### Records provided
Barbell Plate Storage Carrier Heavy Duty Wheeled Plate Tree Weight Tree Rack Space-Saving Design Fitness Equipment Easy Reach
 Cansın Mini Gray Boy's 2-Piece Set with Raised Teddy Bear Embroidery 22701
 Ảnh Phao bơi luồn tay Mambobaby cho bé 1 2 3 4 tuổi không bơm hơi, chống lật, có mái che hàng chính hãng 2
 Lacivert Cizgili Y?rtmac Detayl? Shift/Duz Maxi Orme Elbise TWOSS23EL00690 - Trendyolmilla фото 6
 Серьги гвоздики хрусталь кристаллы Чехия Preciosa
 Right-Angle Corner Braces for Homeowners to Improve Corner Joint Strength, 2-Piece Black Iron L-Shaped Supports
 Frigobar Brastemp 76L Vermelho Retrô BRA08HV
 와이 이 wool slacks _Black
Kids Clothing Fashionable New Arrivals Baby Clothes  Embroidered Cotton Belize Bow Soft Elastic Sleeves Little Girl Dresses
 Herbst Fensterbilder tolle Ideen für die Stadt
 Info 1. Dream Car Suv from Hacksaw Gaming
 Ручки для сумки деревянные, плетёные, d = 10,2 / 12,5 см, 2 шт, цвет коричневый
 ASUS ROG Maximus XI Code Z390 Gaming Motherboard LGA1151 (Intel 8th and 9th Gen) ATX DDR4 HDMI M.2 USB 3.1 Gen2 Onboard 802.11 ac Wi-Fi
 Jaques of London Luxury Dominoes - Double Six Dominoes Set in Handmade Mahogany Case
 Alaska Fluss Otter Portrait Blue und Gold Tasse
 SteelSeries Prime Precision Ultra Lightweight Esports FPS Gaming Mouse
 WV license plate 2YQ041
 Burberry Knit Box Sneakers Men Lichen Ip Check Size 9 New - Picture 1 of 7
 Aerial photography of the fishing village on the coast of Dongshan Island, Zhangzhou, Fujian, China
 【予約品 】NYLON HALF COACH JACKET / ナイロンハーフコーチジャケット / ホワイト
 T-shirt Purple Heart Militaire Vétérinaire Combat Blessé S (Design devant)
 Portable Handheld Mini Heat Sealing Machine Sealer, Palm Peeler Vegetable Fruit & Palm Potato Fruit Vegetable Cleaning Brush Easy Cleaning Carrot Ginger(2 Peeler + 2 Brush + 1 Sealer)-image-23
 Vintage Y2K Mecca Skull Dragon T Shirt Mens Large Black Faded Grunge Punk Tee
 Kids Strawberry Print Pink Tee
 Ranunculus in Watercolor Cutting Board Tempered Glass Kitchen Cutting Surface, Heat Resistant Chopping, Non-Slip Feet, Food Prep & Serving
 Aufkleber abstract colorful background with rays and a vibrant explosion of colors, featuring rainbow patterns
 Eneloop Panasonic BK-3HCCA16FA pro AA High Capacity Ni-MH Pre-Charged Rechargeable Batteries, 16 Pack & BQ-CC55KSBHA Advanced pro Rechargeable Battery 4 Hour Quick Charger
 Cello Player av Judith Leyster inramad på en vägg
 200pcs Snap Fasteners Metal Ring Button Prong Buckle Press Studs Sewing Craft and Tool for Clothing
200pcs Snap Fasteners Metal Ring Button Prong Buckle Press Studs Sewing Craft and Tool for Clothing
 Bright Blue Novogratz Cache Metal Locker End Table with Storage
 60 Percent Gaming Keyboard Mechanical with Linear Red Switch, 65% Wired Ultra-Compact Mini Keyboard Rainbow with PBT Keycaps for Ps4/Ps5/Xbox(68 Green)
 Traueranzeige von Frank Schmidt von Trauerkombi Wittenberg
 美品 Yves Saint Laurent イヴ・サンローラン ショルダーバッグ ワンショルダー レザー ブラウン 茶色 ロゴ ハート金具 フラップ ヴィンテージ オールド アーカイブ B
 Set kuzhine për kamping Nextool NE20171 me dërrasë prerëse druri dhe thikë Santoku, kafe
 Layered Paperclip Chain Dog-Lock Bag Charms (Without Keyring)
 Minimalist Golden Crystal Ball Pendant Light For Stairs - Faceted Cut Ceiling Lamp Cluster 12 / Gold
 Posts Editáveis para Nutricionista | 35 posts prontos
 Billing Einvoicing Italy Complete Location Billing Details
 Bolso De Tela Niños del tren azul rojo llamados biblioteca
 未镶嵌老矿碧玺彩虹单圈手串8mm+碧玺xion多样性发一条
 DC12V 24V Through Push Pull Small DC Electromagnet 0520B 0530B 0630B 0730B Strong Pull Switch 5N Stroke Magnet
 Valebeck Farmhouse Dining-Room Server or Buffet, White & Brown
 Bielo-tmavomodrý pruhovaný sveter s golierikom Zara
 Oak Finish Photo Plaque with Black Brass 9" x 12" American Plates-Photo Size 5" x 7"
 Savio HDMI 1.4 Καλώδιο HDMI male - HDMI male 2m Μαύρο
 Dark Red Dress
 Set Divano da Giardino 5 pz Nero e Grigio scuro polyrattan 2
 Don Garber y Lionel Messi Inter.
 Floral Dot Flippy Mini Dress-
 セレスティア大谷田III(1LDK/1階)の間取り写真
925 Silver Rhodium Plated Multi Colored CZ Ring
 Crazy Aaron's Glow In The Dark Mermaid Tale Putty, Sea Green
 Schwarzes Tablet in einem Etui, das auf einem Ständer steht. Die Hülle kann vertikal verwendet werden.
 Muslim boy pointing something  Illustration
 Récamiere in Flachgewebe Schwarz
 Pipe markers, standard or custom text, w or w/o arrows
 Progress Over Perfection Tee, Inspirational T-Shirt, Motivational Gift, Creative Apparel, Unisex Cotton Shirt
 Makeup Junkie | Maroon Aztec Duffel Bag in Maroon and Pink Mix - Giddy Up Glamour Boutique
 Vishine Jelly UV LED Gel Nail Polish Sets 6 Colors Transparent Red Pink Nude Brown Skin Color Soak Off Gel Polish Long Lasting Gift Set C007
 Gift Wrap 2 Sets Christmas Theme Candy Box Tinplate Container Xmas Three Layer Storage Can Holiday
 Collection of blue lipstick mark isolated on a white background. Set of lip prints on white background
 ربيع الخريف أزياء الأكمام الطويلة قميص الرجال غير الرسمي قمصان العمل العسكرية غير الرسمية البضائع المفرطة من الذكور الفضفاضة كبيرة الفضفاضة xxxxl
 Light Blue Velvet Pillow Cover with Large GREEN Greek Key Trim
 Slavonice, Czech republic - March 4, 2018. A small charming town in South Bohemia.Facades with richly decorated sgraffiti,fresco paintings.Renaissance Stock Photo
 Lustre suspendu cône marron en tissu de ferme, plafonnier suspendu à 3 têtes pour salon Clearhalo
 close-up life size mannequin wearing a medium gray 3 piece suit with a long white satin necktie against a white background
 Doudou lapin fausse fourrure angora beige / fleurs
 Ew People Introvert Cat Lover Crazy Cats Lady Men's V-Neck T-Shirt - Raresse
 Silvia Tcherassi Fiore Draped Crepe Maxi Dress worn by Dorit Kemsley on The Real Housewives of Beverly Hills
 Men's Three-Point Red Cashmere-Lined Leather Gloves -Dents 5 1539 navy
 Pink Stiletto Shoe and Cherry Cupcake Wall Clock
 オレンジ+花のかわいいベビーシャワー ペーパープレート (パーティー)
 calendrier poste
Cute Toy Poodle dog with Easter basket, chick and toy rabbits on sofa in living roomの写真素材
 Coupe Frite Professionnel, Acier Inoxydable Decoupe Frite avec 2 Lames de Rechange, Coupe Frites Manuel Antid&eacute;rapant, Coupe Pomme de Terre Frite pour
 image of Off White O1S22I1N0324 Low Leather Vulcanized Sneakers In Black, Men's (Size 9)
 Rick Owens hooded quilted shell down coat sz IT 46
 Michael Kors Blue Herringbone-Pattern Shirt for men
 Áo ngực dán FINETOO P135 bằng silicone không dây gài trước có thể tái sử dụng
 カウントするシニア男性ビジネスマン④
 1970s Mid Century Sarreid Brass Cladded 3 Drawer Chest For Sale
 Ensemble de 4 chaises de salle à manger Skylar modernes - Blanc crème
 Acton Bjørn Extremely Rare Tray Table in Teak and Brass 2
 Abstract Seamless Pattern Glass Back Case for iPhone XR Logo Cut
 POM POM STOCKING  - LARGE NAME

### Exercise
Lines from the first one above through the line containing "Ảnh Phao bơi" are to be retyped exactly, both included, and nothing more.

### Solution for this exercise
Barbell Plate Storage Carrier Heavy Duty Wheeled Plate Tree Weight Tree Rack Space-Saving Design Fitness Equipment Easy Reach
 Cansın Mini Gray Boy's 2-Piece Set with Raised Teddy Bear Embroidery 22701
 Ảnh Phao bơi luồn tay Mambobaby cho bé 1 2 3 4 tuổi không bơm hơi, chống lật, có mái che hàng chính hãng 2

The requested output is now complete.